THE TRICKING OF FREYA
Christina Sunley
St. Martin's Press
Fiction
ISBN: 9780312378776
In the Icelandic Sagas, Freyja is a goddess of sacrifice and magic. For Freya, the eponymous narrator of Christina Sunley's debut novel, THE TRICKING OF FREYA, Iceland is the motherland --- a place of poetry, magic and dark memories.
Freya Morris was raised in the North American Icelandic diaspora. Her family came to Canada after a devastating volcanic eruption in 1875, settling in the “New Iceland” community of Manitoba. Her grandfather was the celebrated Olafur, Skald Nyja Islands, Poet of New Iceland, and her grandmother was a proud Icelandic woman, keeper of her family's genealogy and town librarian. Her mother, Anna, after marrying her American father, moves to Connecticut where she eventually raises Freya. Her mother's sister, the brilliant, beautiful and wild Ingibjorg, is known as Birdie; though her name implies flight, she never left home.

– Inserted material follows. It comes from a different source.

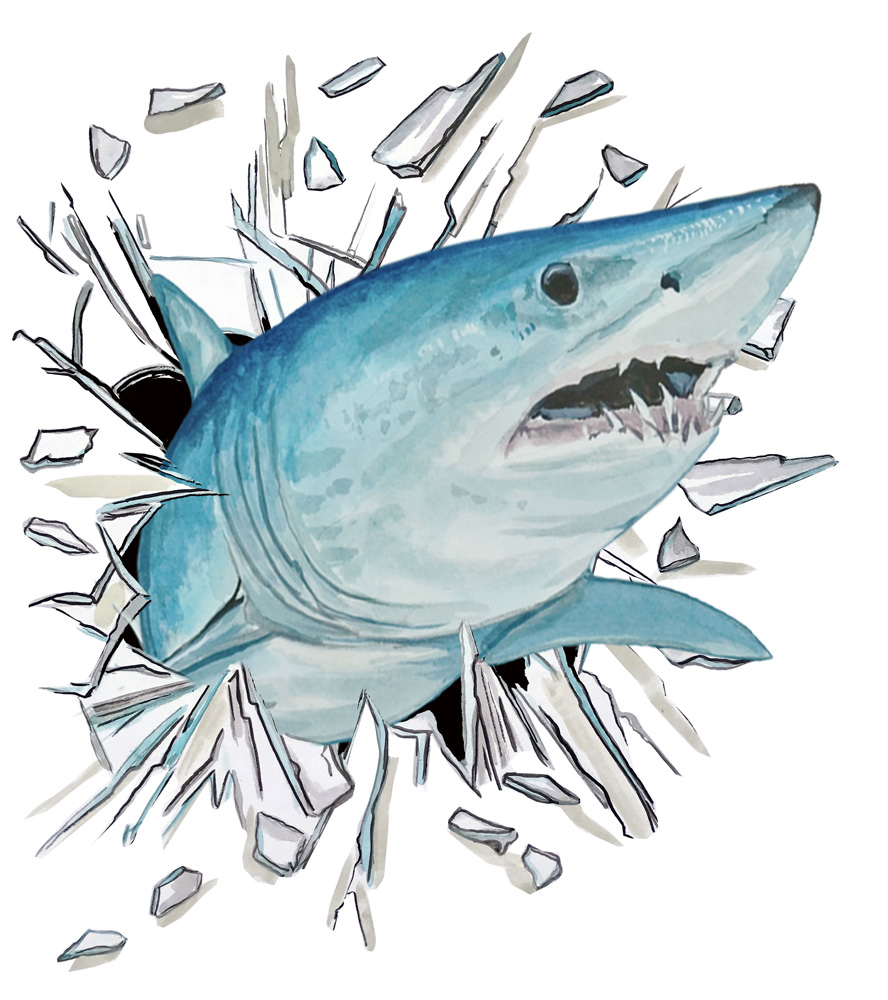 Broken Glass Shark Decal/Sticker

Freya doesn’t meet her Icelandic family until she’s seven, when she travels to the town of Gimli where the Icelandic culture is strong. Immediately she is enthralled with Birdie who speaks to her in Icelandic, regales her with traditional stories and promises to teach her how to fly. Freya soon learns, however, that Birdie has a dark side and a mean streak that come out when her mania turns to depression. There is a tension between Birdie and Anna, and Freya's loyalty to each is constantly challenged. Over the years Freya is pulled between her quiet and conservative mother (who is disabled in a freak accident that Freya blames herself for) and the passionate yet unstable Birdie. It all changes, though, the year Freya turns 14.
Just before her 14th birthday, Birdie kidnaps Freya and takes her on a dangerous trip to Iceland, where again Freya's loyalty to and love for her aunt are put to the test. After she is returned to her mother, she never sees her aunt again. In fact, she doesn't return to Gimli for many years, and in the meantime lives a lonely life in New York trying to forget her Icelandic heritage and the pain her aunt caused her. She finds herself back in Gimli to celebrate her grandmother's birthday and overhears a secret that again takes her to Iceland in search of the truth about what her family kept hidden for decades.
THE TRICKING OF FREYA is a fantastic story, full of myth and legend, family drama, epic landscapes, the search for identity, a sense of belonging and unconditional love. Freya is a tough character: she has had a life of loss and disappointment punctuated by moments of profound beauty and meaning. Sunley deftly weaves in real Icelandic and Norse history, Icelandic literature, culture and language into her tale, giving it a seriousness and depth that is compelling, romantic and readable.
Though the climax of the book is somewhat predictable and the end a bit too tidy, readers will find Freya's tale of sorrow, guilt and redemption thought-provoking and Freya's journey of sacrifice and magic well worthwhile. Sunley's narration is lovely and often brutal, poetic and dark. Overall, THE TRICKING OF FREYA is an accomplished debut.